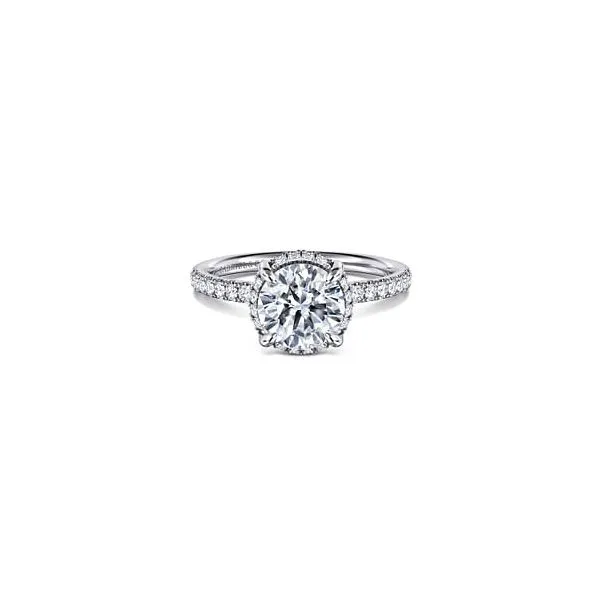 14K White Gold Round Hidden Halo Diamond Engagement Ring Chipper's Jewelry Bonney Lake, WA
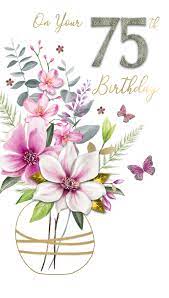 female 75th birthday card embellished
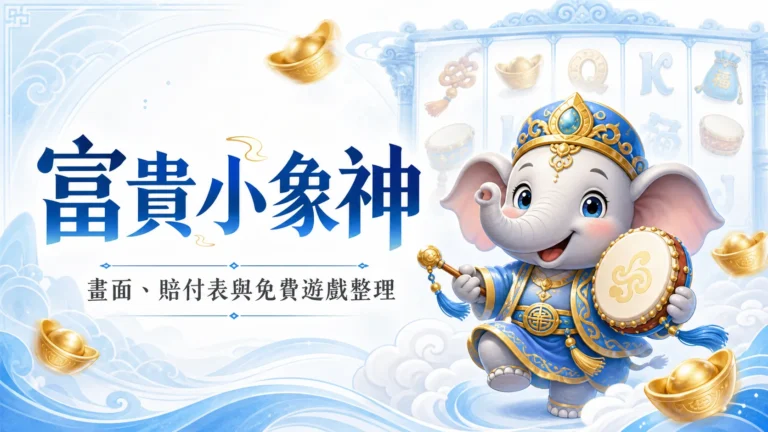 富貴小象神精選圖片，冰白藍風格的小象角色與遊戲整理標題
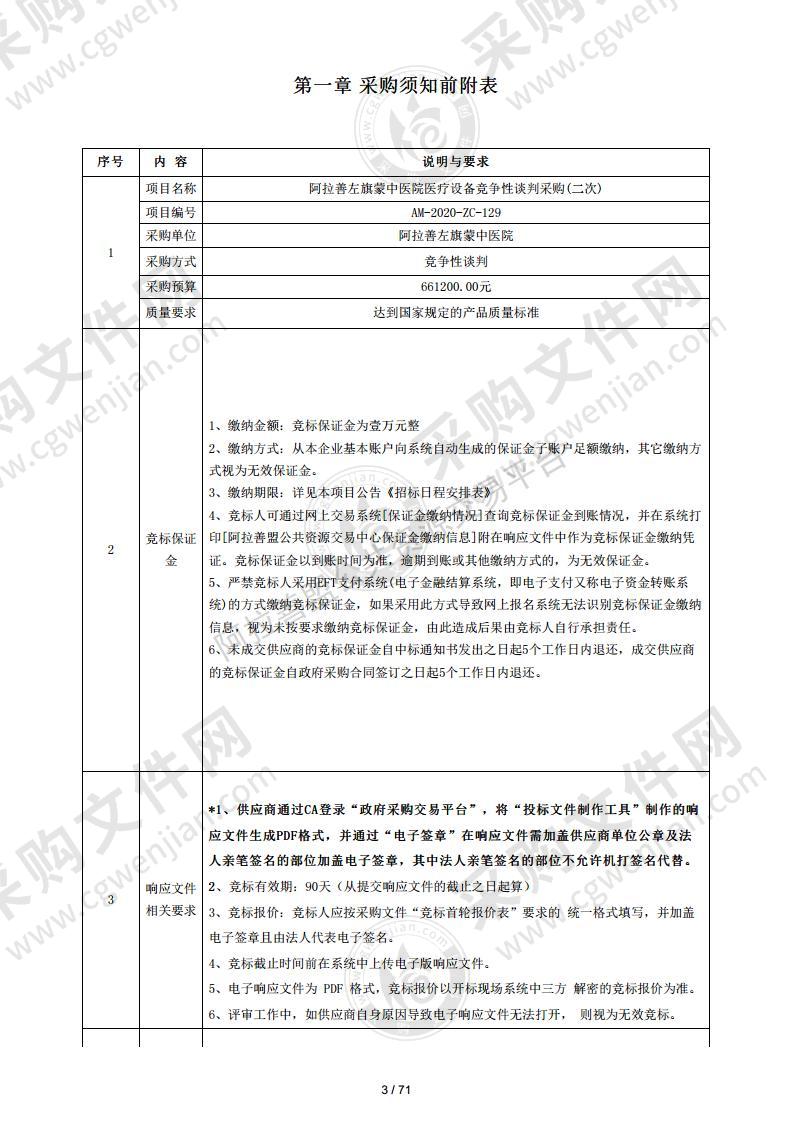 阿拉善左旗蒙中医院医疗设备项目竞争性谈判采购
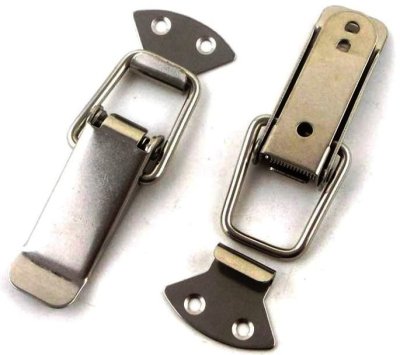 На картинке «Замок-защёлка "Лягушка №4" (105х26мм) большой, подпружиненный, хром»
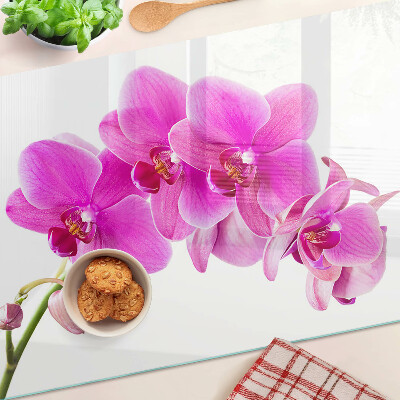 Glass cutting board Orchids in shades of pink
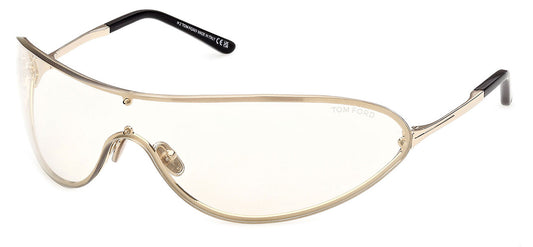 Tom Ford FT1396 Brady-02 Sunglasses - Shiny Pale Gold / Smoke Mirror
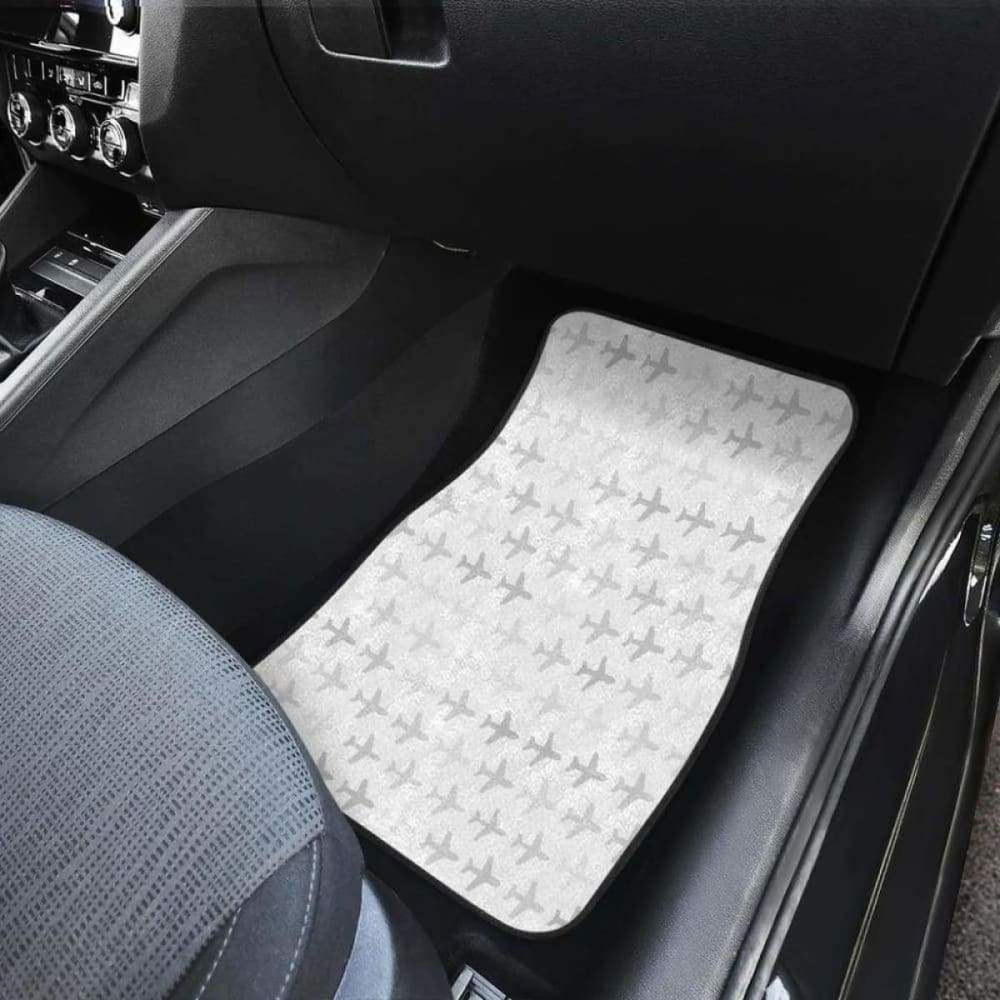 Airplane Print Car Mats - Non-Slip Front & Back Floor Mats for Cars - Perfect for Aviation Enthusiasts & Travel Lovers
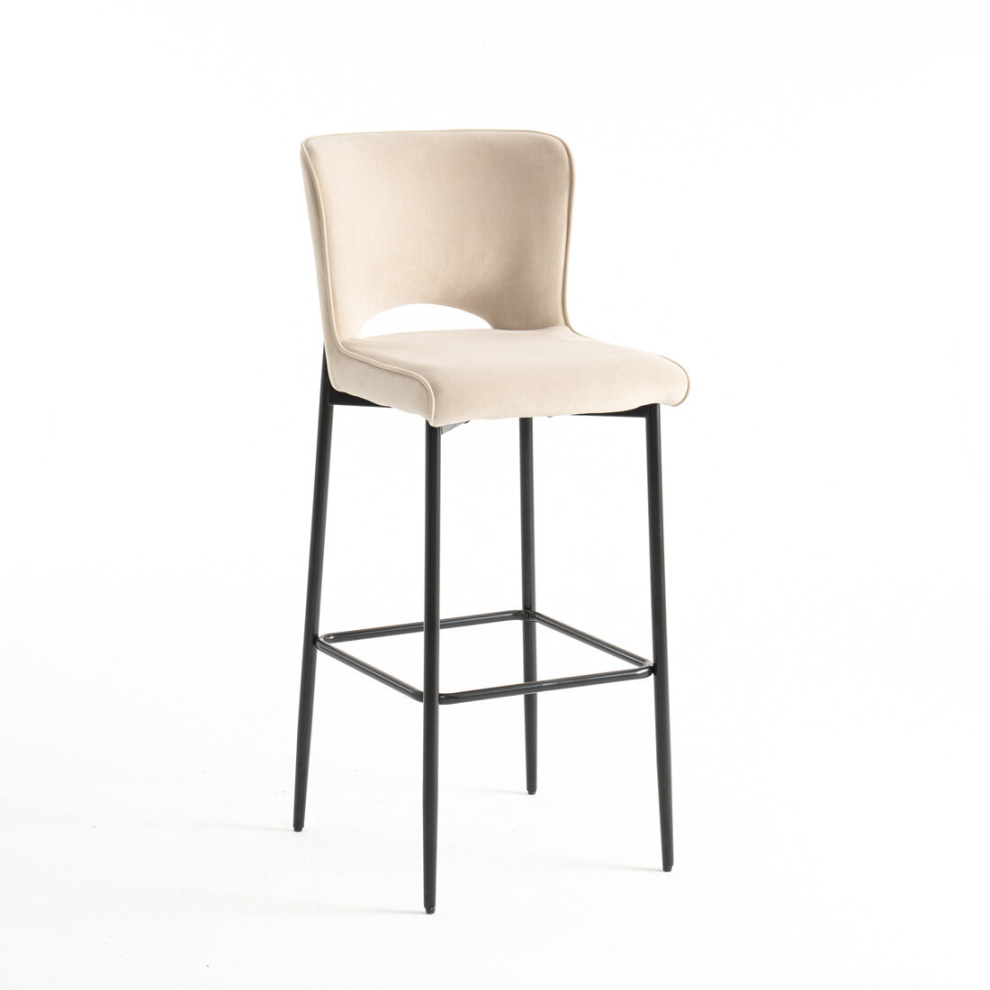 (Beige) LILY VELVET BAR STOOL PADDED SEAT METAL LEGS (Grey)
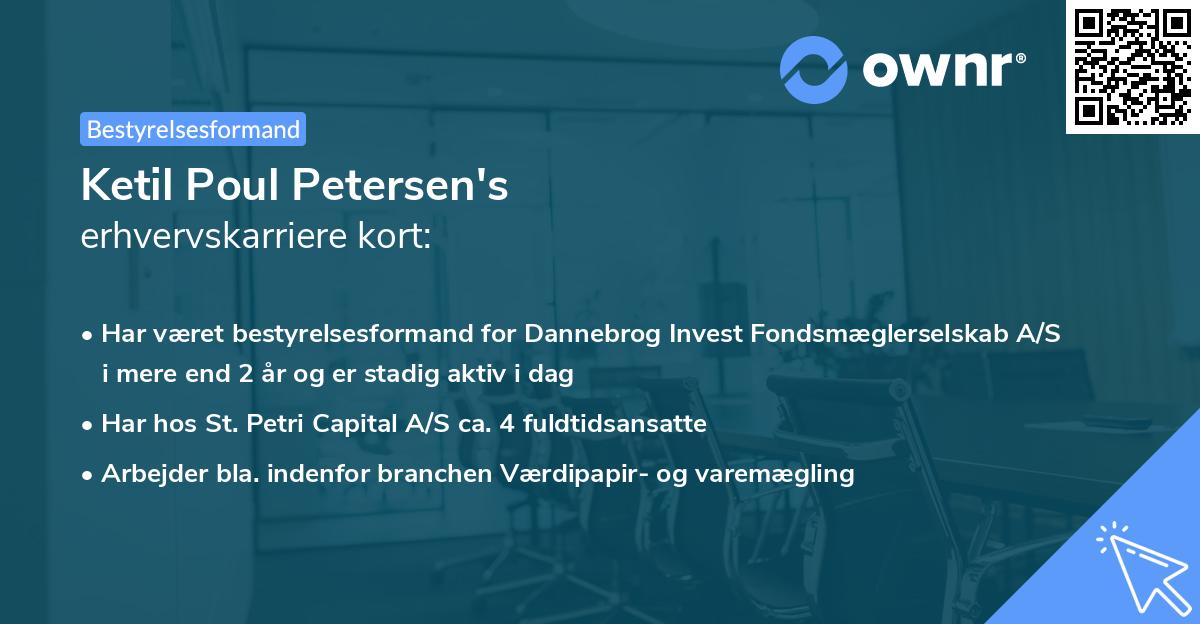 Ketil Poul Petersen's erhvervskarriere kort
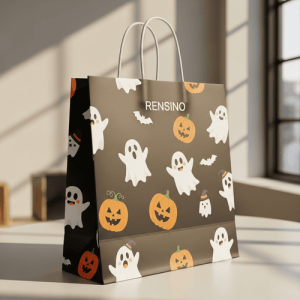 Sac en papier noir avec motif de fantôme et de citrouille d'Halloween, design personnalisé disponible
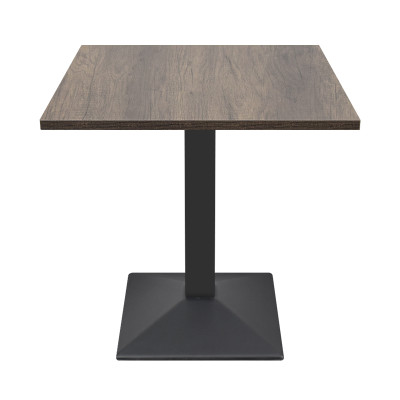 Square commercial restaurant table | Stamped iron dining table with particle board top
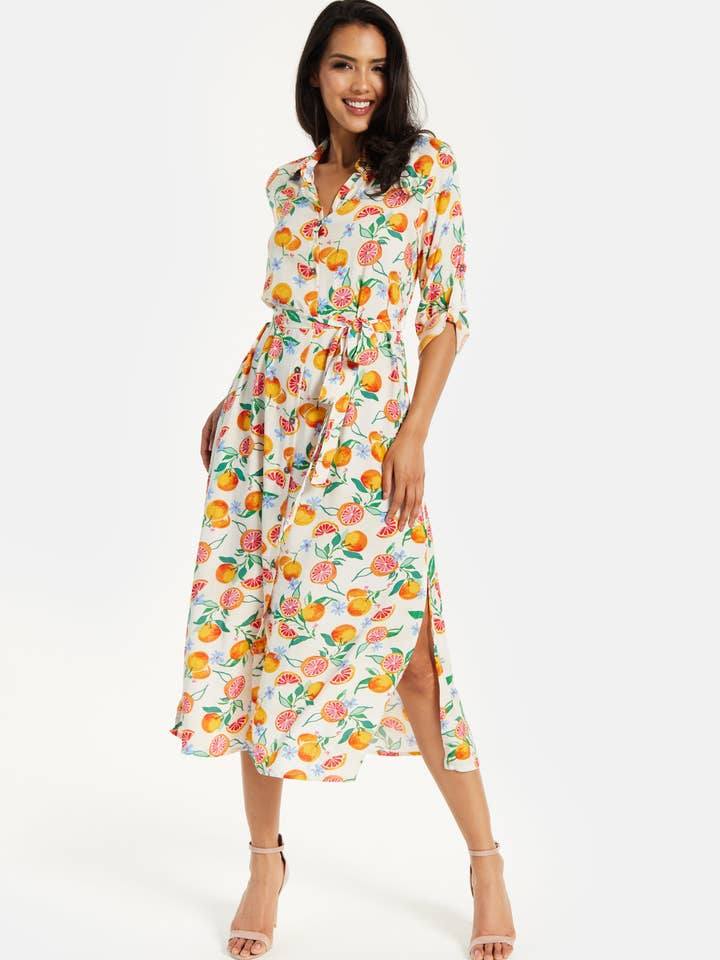 Multi coloured Liquorish Fruit Print Button Through Shirt Dress for wholesale on Faire3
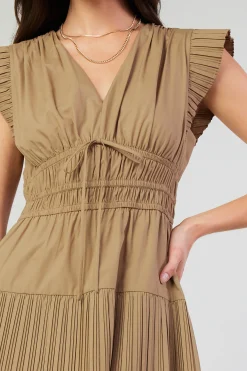 Current Air Briene Pleated Mini Dress LATTE Outlet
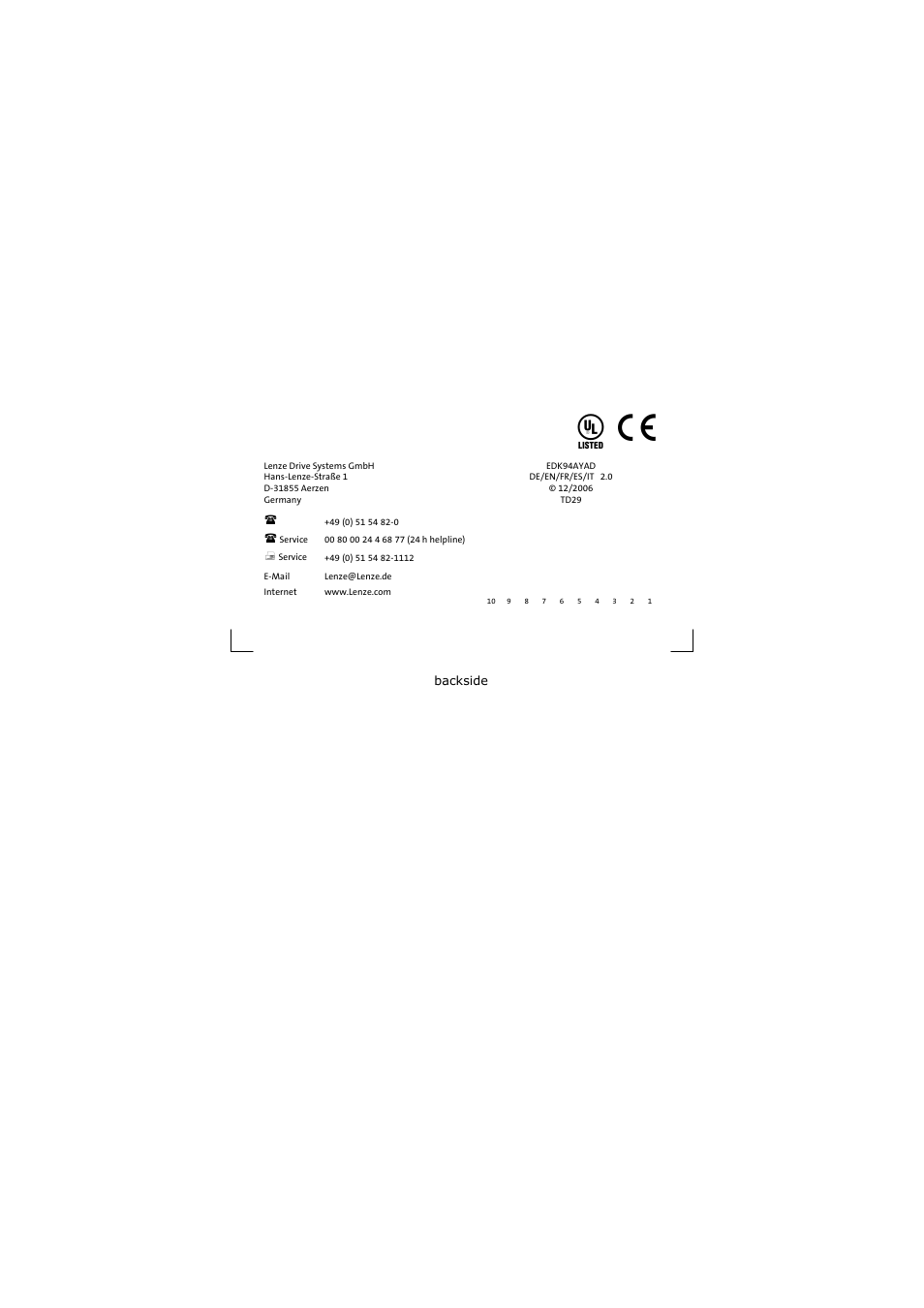 Lenze E94AYAD - SM300 User Manual | Page 84 / 84
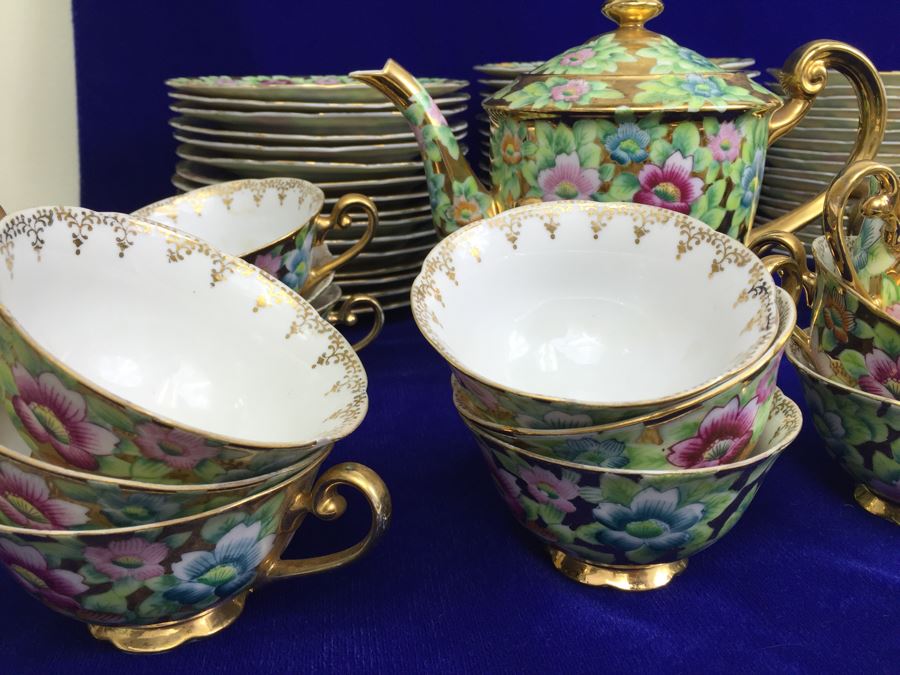 Stunning HUGE Tea Service China Set Highlife JAPAN Hand Painted [Photo 6]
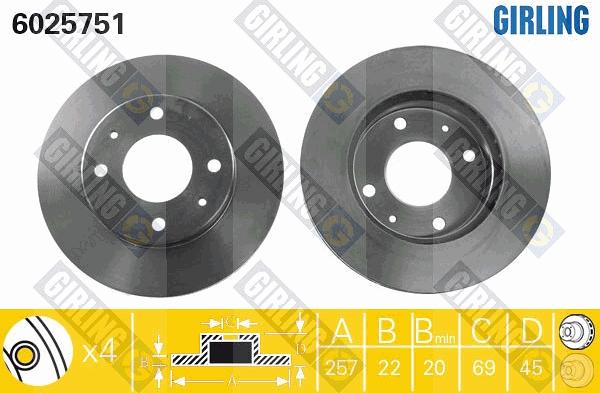 Girling 6025751 - Bremžu diski autospares.lv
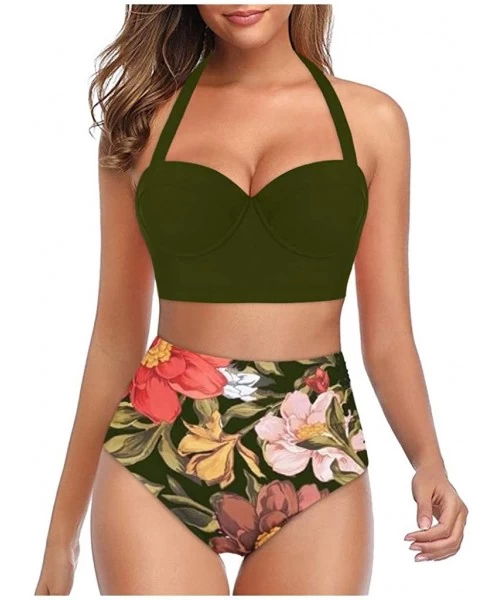 One-Pieces Swimsuit for Women Two Piece Retro Halter Ruched High Waist Print Bikini Set Swimwear Beach Bathing Suits Y a Gree...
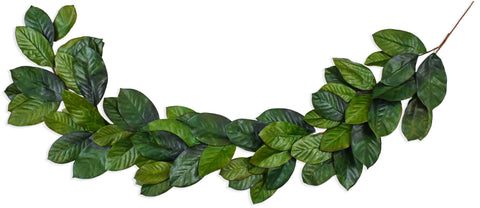 Vita Domi 6ft Magnolia Leaf Garland - 2 Tone Greeen Realistic Fall Garland for Mantle Decorations - Decorative Artificial Faux Magnolia Leaves for Christmas, Thanksgiving, Wedding Décor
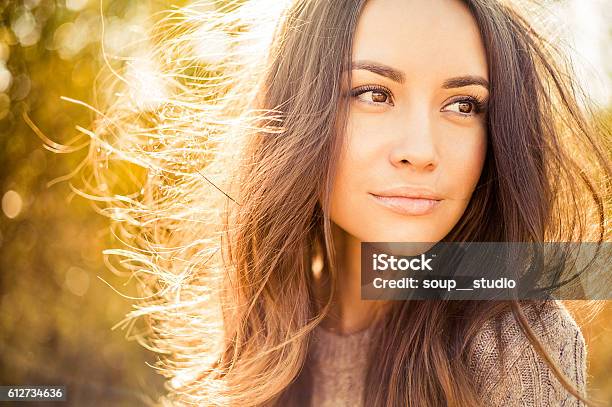 Beautiful Lady In Autumn Landscape Stock Photo - Download Image Now - Women, Autumn, Beauty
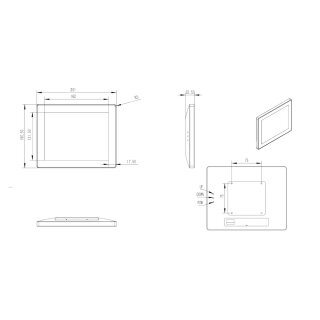 JD080UG, 8&quot; Rahmenloser LCD Monitor, USB, ohne Touch, mit Standfu&szlig;, VESA 75x75, schwarz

-- Requirement --
The listing is to be repeated exactly, with its pictures removed.

-- Solution to the exercise --
 14K White Gold Round Hidden Halo Diamond Engagement Ring Chipper's Jewelry Bonney Lake, WA
 female 75th birthday card embellished
 富貴小象神精選圖片，冰白藍風格的小象角色與遊戲整理標題
 阿拉善左旗蒙中医院医疗设备项目竞争性谈判采购
 На картинке «Замок-защёлка "Лягушка №4" (105х26мм) большой, подпружиненный, хром»
 Glass cutting board Orchids in shades of pink
 Tom Ford FT1396 Brady-02 Sunglasses - Shiny Pale Gold / Smoke Mirror
 Airplane Print Car Mats - Non-Slip Front & Back Floor Mats for Cars - Perfect for Aviation Enthusiasts & Travel Lovers
 (Beige) LILY VELVET BAR STOOL PADDED SEAT METAL LEGS (Grey)
 Ketil Poul Petersen's erhvervskarriere kort
 Sac en papier noir avec motif de fantôme et de citrouille d'Halloween, design personnalisé disponible
 Square commercial restaurant table | Stamped iron dining table with particle board top
 Multi coloured Liquorish Fruit Print Button Through Shirt Dress for wholesale on Faire3
 Current Air Briene Pleated Mini Dress LATTE Outlet
 Lenze E94AYAD - SM300 User Manual | Page 84 / 84
 Stunning HUGE Tea Service China Set Highlife JAPAN Hand Painted [Photo 6]
 Girling 6025751 - Bremžu diski autospares.lv
 One-Pieces Swimsuit for Women Two Piece Retro Halter Ruched High Waist Print Bikini Set Swimwear Beach Bathing Suits Y a Gree...
 Vita Domi 6ft Magnolia Leaf Garland - 2 Tone Greeen Realistic Fall Garland for Mantle Decorations - Decorative Artificial Faux Magnolia Leaves for Christmas, Thanksgiving, Wedding Décor
 Beautiful Lady In Autumn Landscape Stock Photo - Download Image Now - Women, Autumn, Beauty
 JD080UG, 8&quot; Rahmenloser LCD Monitor, USB, ohne Touch, mit Standfu&szlig;, VESA 75x75, schwarz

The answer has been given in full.